*** Block opens ***

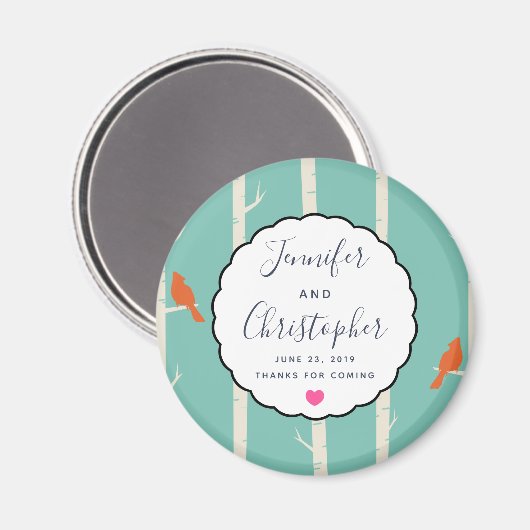 レトロオレンジ色の鳥オン樺の木の結婚木感謝していの木 マグネット (正面/裏面)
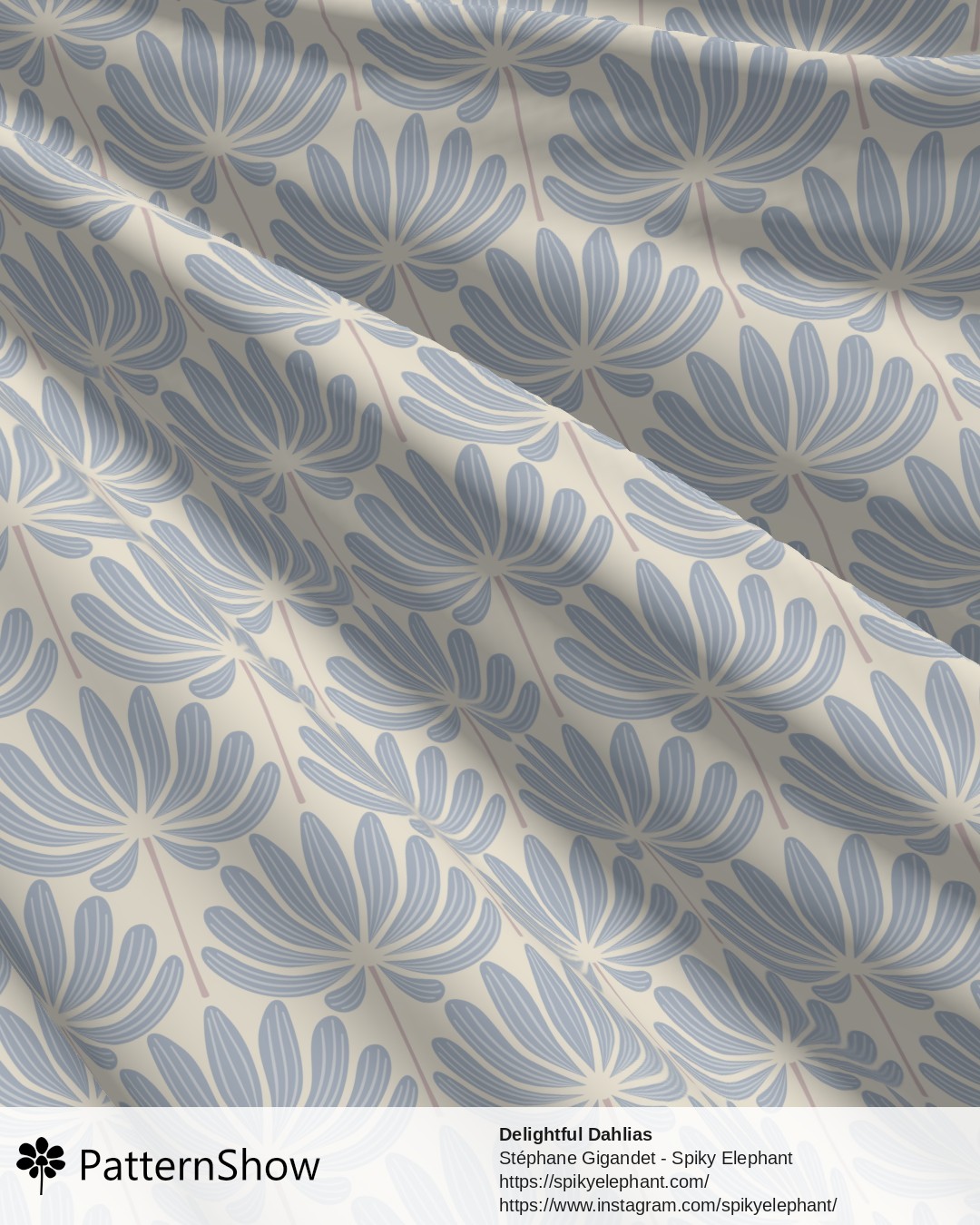 Delightful Dahlias - Blue Beige Cream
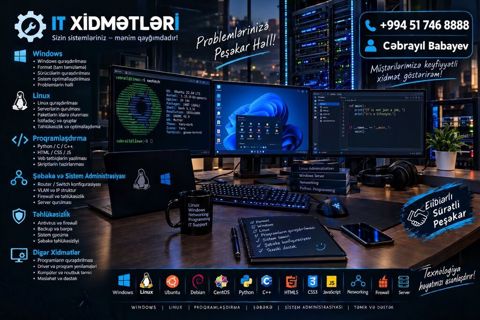 IT Xidmətləri – Peşəkar və etibarlı həllər Ünvana gətirmə ünvandan — Bakı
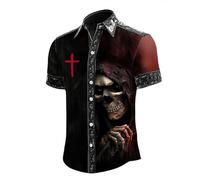 Generisch Camisa de Halloween para hombre con estampado de flores, camisa de calavera con botones, camisa de manga corta para verano, cómoda, ligera, camisa de ocio, delgada, transpirable, para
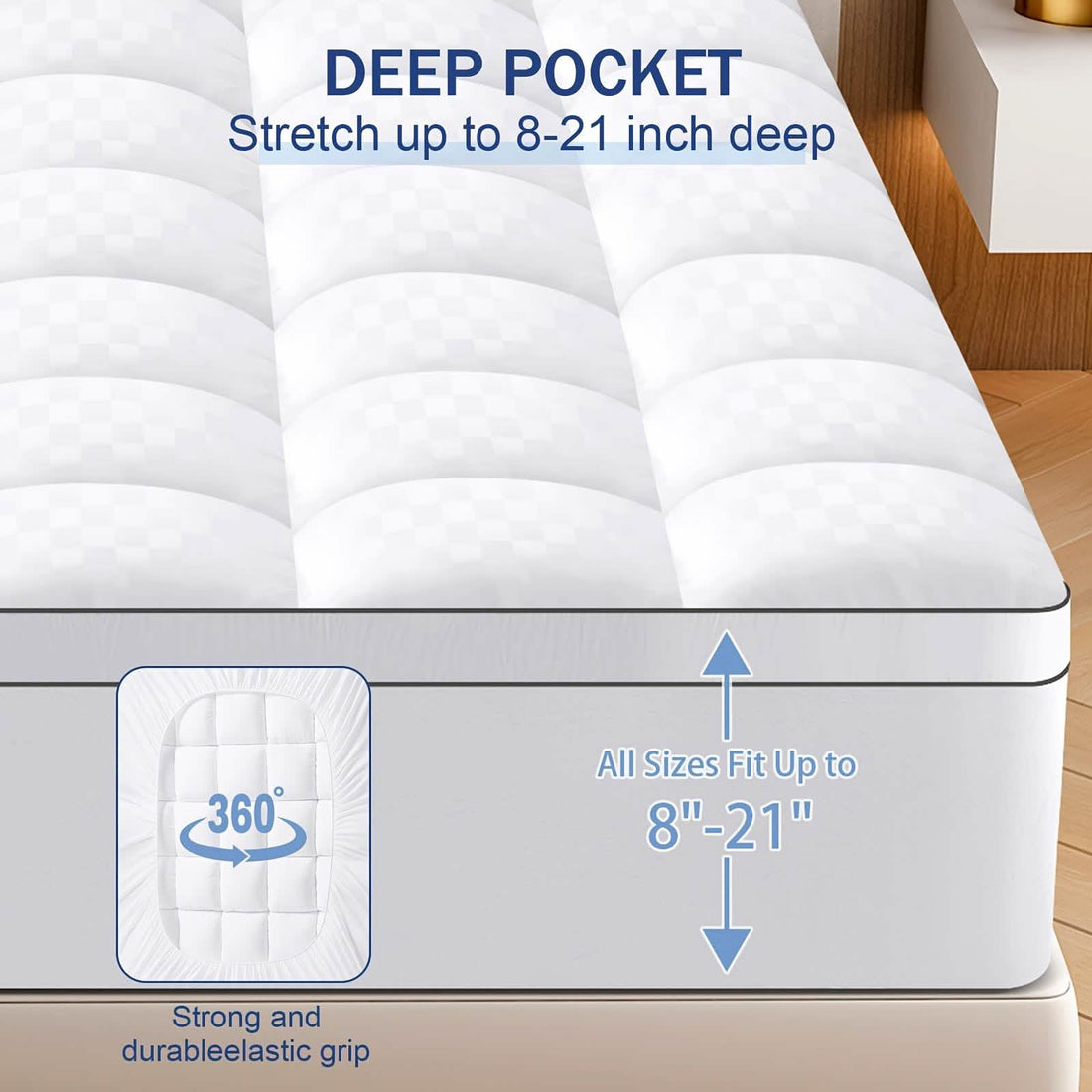 Extra Thick Mattress Topper – Soft, Cooling &amp; Breathable (Multiple Sizes &amp; Colors)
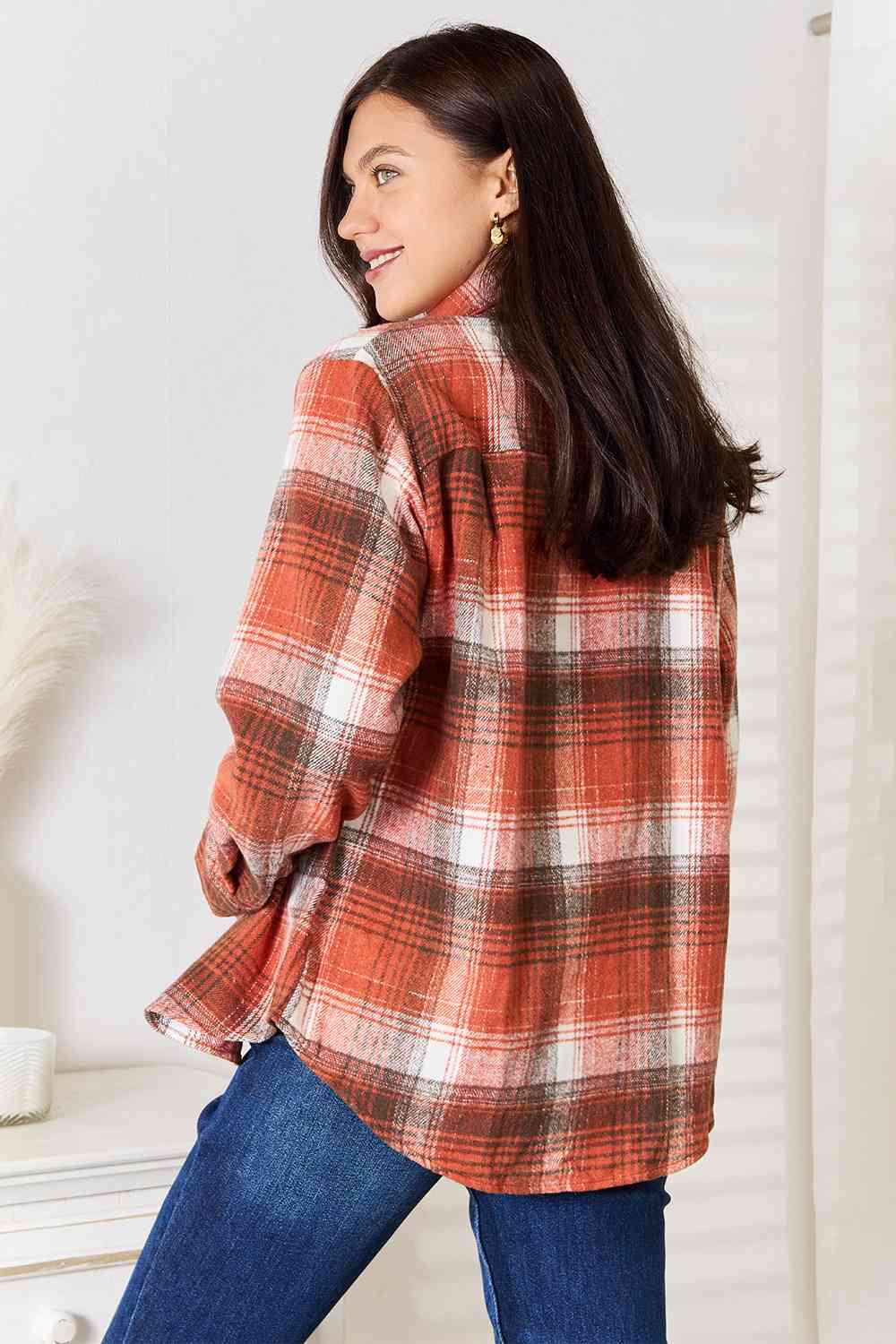 Double Take Plaid Collared Neck Long Sleeve Shirt - Tigbuls Variety Fashion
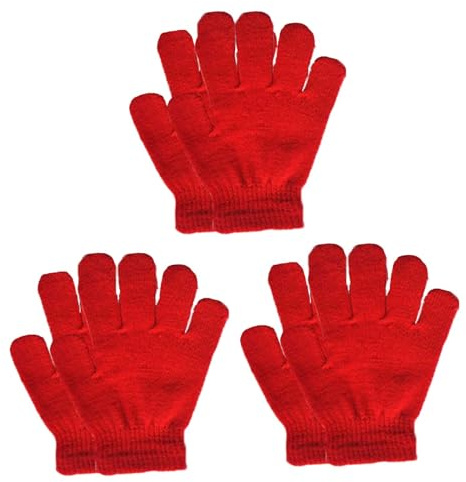 3 Pairs Kid's Winter Magic Gloves, Soft Children's Winter Knitted Stretchy Gloves Unisex Knit Full Finger Gloves Warm Kids Magic Gloves for 3~8 Years Old Kids Daily Wear Winter (Red)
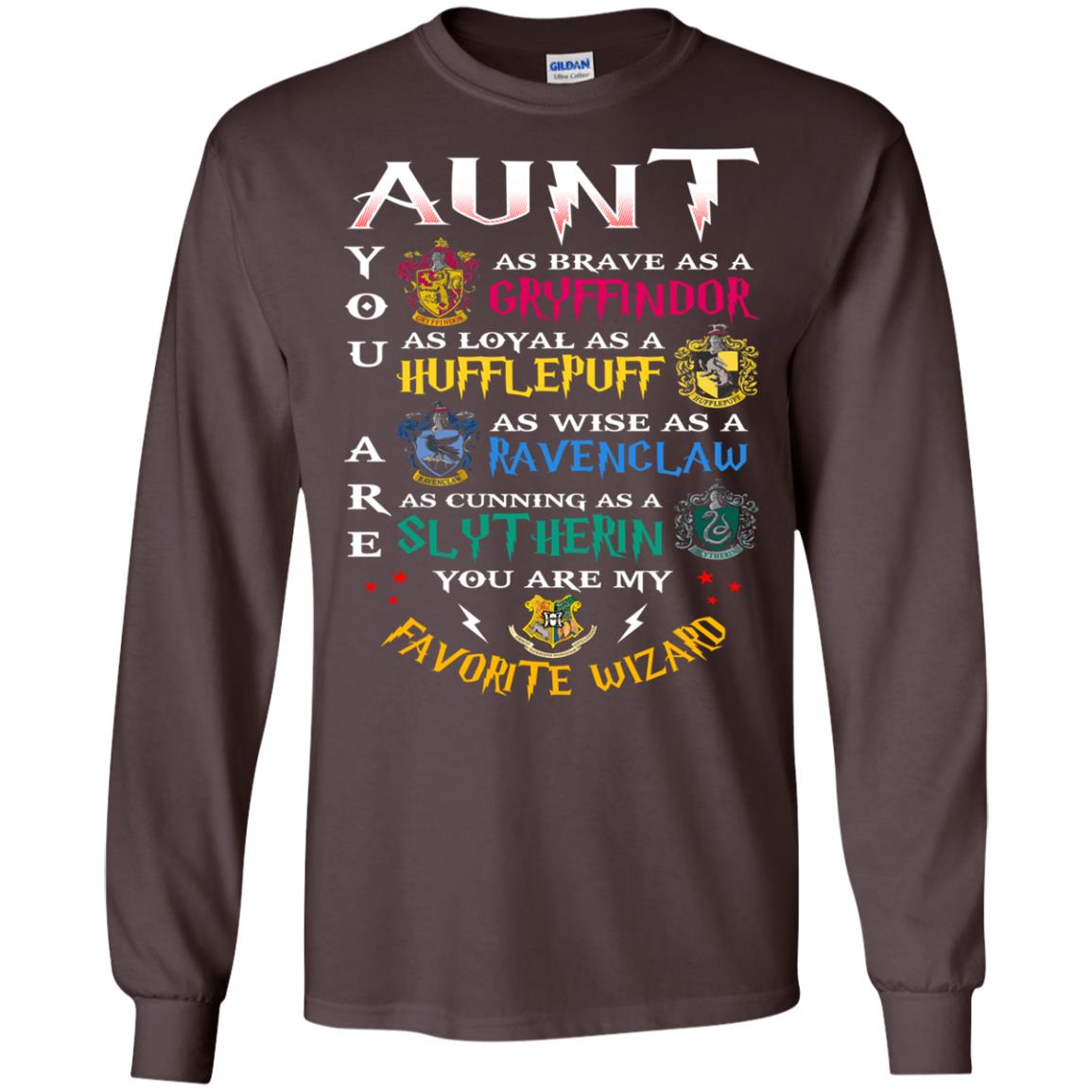 Aunt My Favorite Wizard Harry Potter Fan T-shirt Dark Chocolate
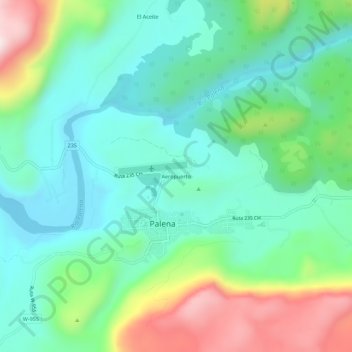 Aeropuerto topographic map, elevation, terrain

*** Block closes ***

▶ Description of the task:
Leave every picture out, and repeat exactly the lines from the one containing "Extra Thick Mattress" through the last line of the entries, both ends included.

▶ Solution for this exercise:
 Extra Thick Mattress Topper – Soft, Cooling &amp; Breathable (Multiple Sizes &amp; Colors)
 Double Take Plaid Collared Neck Long Sleeve Shirt - Tigbuls Variety Fashion
 3 Pairs Kid's Winter Magic Gloves, Soft Children's Winter Knitted Stretchy Gloves Unisex Knit Full Finger Gloves Warm Kids Magic Gloves for 3~8 Years Old Kids Daily Wear Winter (Red)
 Aunt My Favorite Wizard Harry Potter Fan T-shirt Dark Chocolate
 Aeropuerto topographic map, elevation, terrain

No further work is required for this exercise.